#### WHAT IS NEEDED:
Please repeat the lines below, exactly and only, from the one that holds "#влог #breakfast #книги" through the one that holds "口のワルイうさぎとインコ".

#### DATA RECORDS:
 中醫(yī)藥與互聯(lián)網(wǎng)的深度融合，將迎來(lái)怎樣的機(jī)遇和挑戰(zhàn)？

==

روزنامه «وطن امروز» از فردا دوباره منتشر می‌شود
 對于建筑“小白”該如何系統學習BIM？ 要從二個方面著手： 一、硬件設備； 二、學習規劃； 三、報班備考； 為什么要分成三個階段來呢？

* * *

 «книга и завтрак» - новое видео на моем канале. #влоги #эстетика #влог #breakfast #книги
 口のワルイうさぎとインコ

#### EXERCISE RESPONSE:
 «книга и завтрак» - новое видео на моем канале. #влоги #эстетика #влог #breakfast #книги
 口のワルイうさぎとインコ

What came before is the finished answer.